La falta de alimentos no es algo natural,
no es un dato ni obvio, ni evidente. Que hoy en pleno siglo XXI muchas personas
sufran este flagelo, se debe a una egoísta y mala distribución de recursos, a
una ‘mercantilización’ de los alimentos. El
alimento es un don que hemos convertido en privilegio de unos pocos.
El consumismo es
una de las causas que nos ha inducido a acostumbrarnos a lo superfluo y al
desperdicio cotidiano de alimento, al cual, a veces, ya no somos capaces de dar
el justo valor, que va más allá de los meros parámetros económicos.

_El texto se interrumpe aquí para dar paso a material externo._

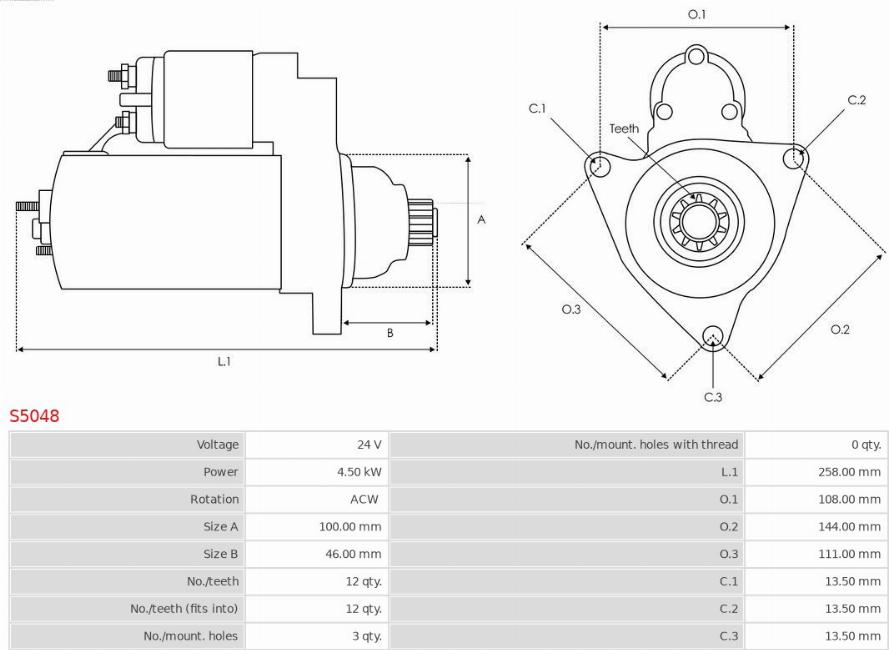 AS-PL S5048 - Стартер autospares.lv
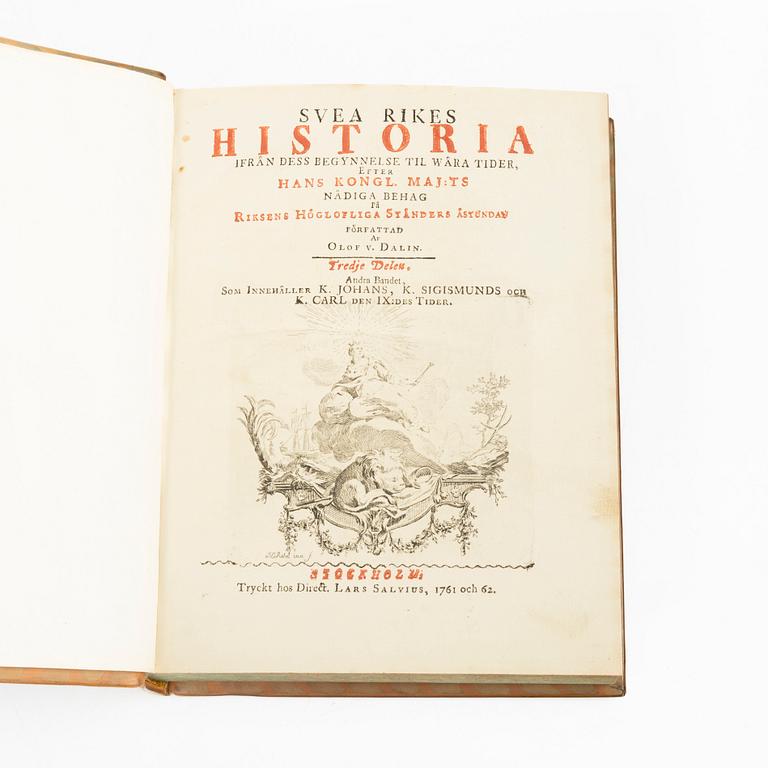 Books, four volumes,'Svea Rikes Historia', Olof Dalin, Lars Salvius, Stockholm, 1747-62.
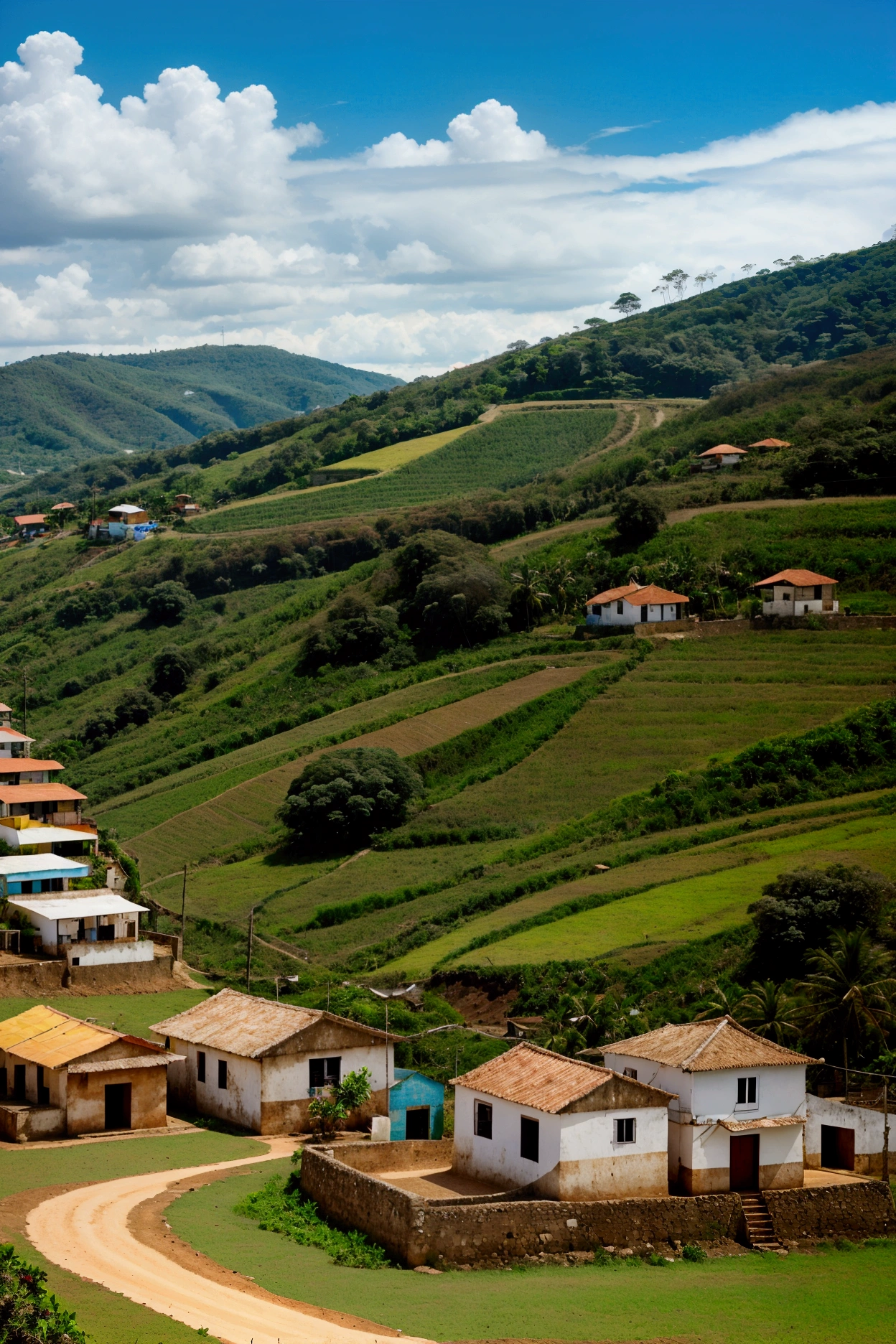 landscape of northern Bahia with hills and small houses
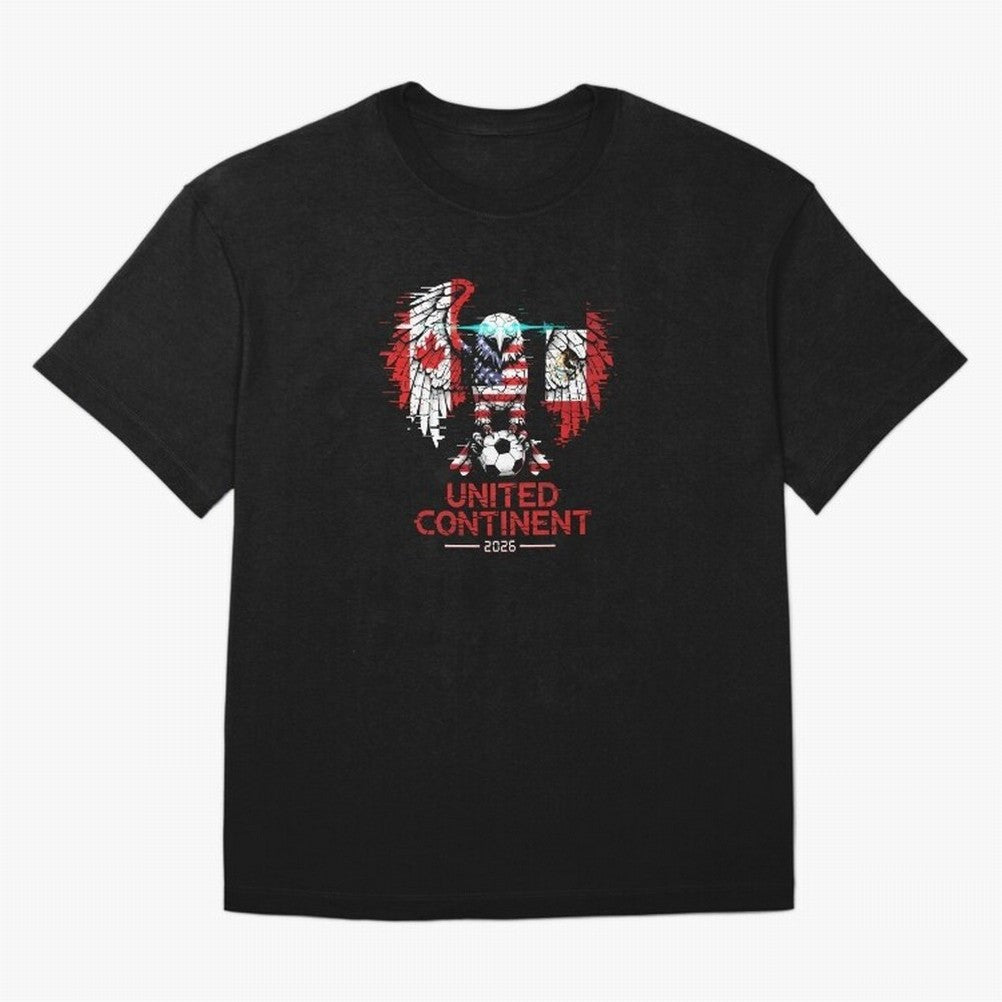Glitched North America Eagle World Cup Soccer 2026 T-Shirt_83958408 Classic T-Shirt Bring a Vintage Feel to the FIFA World Cup 2026 Journey through Neymar, Haaland and Cristiano Ronaldo Highlights, Portugal, Spain and Germany Pride, Fan Favorite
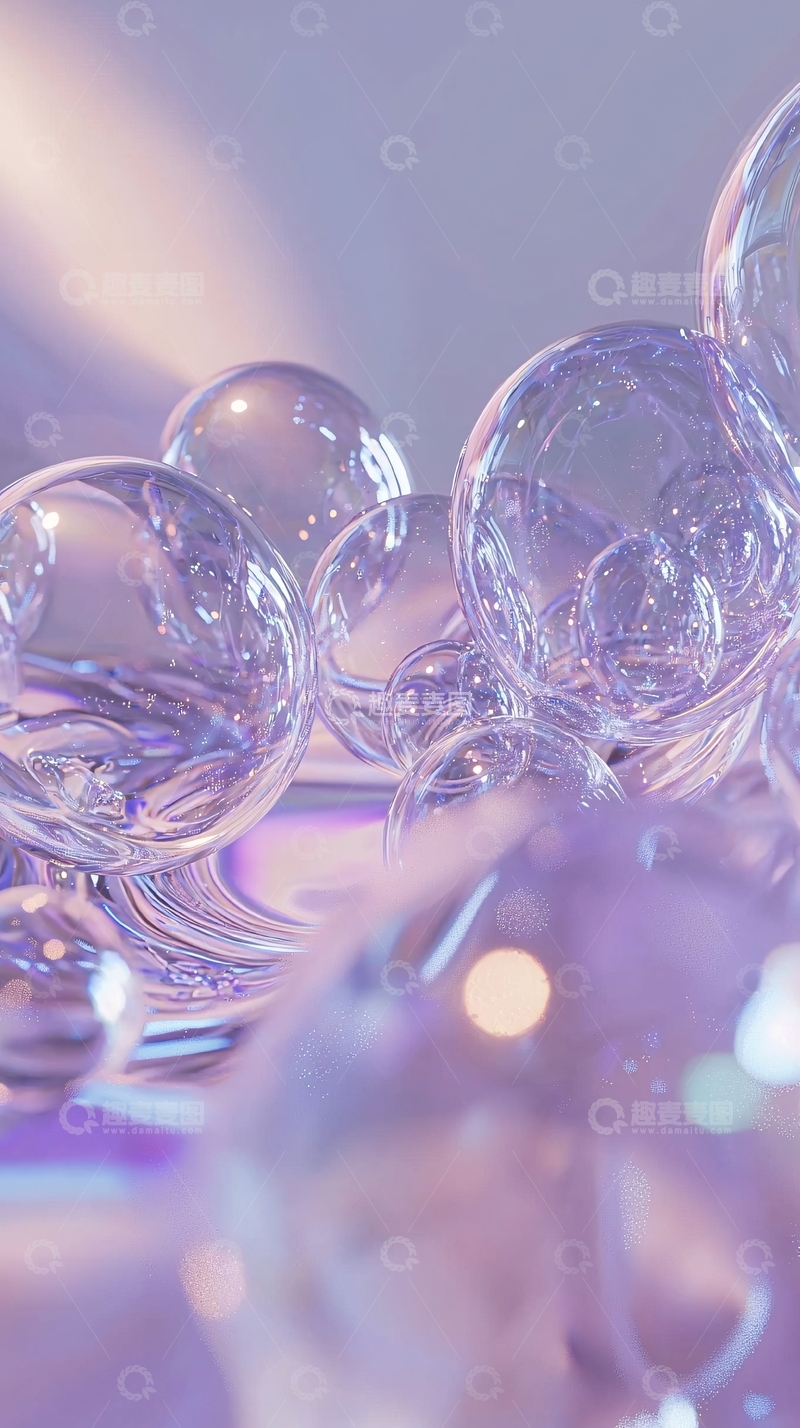 高清大图下载【趣麦麦图】梦幻紫色玻璃泡泡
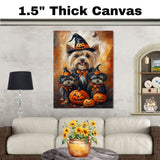 Yorkshire Terrier Dog Halloween Wall Art Rustic Fall Canvas with Pumpkins Witch Hats and Autumn Leaves Farmhouse Pet Decor for Living Room on Ready to Hang 1.5" Thick Canvas Wrap, Floating Framed Canvas, Flat Rolled Canvas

Por ello,
decimos que el alimento que se desecha
es como si se robara de la mesa del pobre, de quien tiene hambre.
Por
otro lado, vivimos en un mundo inestable, en el que, últimamente, las guerras y las amenazas de conflictos es lo que predomina en
nuestros intereses y debates.
Las armas han alcanzado
una preponderancia inusitada, de tal forma que han arrinconado totalmente otras maneras de solucionar las cuestiones
en pugna, y, mientras las ayudas y los planes de desarrollo se ven
obstaculizados por intrincadas e incomprensibles decisiones políticas, por
sesgadas visiones ideológicas o por infranqueables barreras aduaneras, las
armas no; no importa la proveniencia, circulan con una libertad jactanciosa y
casi absoluta en tantas partes del mundo. Y de este modo, son las guerras las que se nutren y no las personas. En algunos
casos, hasta la misma hambre se utiliza como arma de guerra.
Somos
plenamente conscientes de ello, pero dejamos que nuestra conciencia se anestesie y así la volvemos insensible. De
tal modo que la fuerza se convierte
en nuestro único modo de actuar, y, el
poder en el objetivo perentorio a alcanzar. Las poblaciones más débiles no
sólo sufren los conflictos bélicos sino que, a su vez, ven frenados todo tipo
de ayuda. Por esto urge desburocratizar
todo aquello que impide que los planes de ayuda humanitaria cumplan sus
objetivos.
“Tuve hambre y me
diste de comer, tuve sed y me diste de beber”. En estas palabras se halla las
máximas del cristianismo. Una expresión que, más allá de los credos y de las
convicciones, podría ser ofrecida como regla de oro para nuestros pueblos
Finalmente diré que un pueblo se juega su
futuro en la capacidad que tenga para asumir el hambre y la sed de sus
hermanos. En esta capacidad de socorrer
al hambriento y al sediento podemos también medir el pulso de nuestra humanidad.